I hope you will take a moment to read this report. We have great confidence in the water we deliver to your homes and businesses, and we want you to as well. Please contact us if you have any questions or comments about your water quality, or any of MWRA’s programs.
Frederick A. Laskey
For more information on MWRA and its Board of Directors, visit www.mwra.com
MWRA Water System Map
Percentage of water from MWRA: 27%
Percentage of water from Needham's source: 73%
While the pandemic continued to impact health and supply lines in 2021, MWRA’s drinking water continued to meet all federal and state standards. MWRA staff carried out ongoing, uninterrupted treatment, sampling, testing, planning, and monitoring to ensure the continuous delivery of pure drinking water to all our customers. This annual water quality report illustrates MWRA’s ongoing efforts to ensure the provision of your water under all conditions.

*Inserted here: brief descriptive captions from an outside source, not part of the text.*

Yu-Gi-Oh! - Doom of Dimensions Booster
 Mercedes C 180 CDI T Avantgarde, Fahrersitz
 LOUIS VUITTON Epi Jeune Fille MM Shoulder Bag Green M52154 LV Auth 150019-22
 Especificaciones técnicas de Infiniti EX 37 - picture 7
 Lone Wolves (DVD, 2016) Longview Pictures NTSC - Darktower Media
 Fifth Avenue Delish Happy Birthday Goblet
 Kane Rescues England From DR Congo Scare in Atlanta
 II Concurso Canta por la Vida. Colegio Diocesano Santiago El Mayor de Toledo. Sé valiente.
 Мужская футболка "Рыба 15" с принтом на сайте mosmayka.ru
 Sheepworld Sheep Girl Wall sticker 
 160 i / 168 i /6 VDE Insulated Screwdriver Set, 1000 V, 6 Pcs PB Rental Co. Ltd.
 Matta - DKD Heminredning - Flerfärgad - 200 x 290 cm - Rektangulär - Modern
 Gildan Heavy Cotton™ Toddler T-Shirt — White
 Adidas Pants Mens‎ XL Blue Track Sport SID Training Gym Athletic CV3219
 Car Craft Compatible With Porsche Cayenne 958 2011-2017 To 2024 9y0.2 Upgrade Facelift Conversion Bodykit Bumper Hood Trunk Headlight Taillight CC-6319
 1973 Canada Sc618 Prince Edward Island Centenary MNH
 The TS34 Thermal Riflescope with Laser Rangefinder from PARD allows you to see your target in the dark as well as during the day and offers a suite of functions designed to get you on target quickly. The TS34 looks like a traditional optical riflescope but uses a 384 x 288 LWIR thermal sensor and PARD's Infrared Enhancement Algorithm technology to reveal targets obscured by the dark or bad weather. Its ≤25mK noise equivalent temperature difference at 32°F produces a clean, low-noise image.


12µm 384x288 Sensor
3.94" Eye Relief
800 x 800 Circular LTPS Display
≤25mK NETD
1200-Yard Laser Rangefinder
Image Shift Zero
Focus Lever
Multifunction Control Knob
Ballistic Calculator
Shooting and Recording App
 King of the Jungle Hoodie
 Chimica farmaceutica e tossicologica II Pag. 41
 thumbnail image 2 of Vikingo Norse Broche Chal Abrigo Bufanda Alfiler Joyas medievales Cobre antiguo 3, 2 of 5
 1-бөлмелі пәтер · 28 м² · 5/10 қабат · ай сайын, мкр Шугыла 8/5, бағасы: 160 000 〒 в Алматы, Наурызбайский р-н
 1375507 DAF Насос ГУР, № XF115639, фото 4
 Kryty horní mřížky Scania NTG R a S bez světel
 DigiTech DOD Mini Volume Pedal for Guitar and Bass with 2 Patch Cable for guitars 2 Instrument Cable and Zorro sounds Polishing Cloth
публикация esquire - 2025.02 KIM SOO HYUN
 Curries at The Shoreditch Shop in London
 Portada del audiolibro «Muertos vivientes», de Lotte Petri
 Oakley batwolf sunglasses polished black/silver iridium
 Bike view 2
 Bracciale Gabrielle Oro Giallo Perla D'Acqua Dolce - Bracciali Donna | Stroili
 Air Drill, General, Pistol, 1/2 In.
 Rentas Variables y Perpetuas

Your Annual Water Quality Report
This annual water quality report provides consumers of MWRA water with important information on water quality. MWRA also has monthly water quality reports, information on specific potential contaminants, water system updates, and more at www.mwra.com. We welcome your questions at 617-242-5342 or Ask.MWRA@mwra.com.
At the Water Source… MWRA works with your community, the Department of Conservation and Recreation (DCR), and state and federal regulators to continuously evaluate your drinking water. From the reservoirs surrounded by forests and wetlands, through treatment and miles of pipelines, to your drinking water faucet. MWRA’s laboratories conduct hundreds of thousands of tests on the water you receive every year for over 120 potential contaminants.
MWRA’s work to protect the drinking water at your home or business starts with our two pristine reservoirs in central Massachusetts — the Quabbin Reservoir, 65 miles from Boston, and the Wachusett Reservoir, 35 miles from Boston. Combined, these two connected reservoirs provide an average of 200 million gallons of pure, highly protected, high quality water each day to 53 communities. The Ware River provides additional water when needed.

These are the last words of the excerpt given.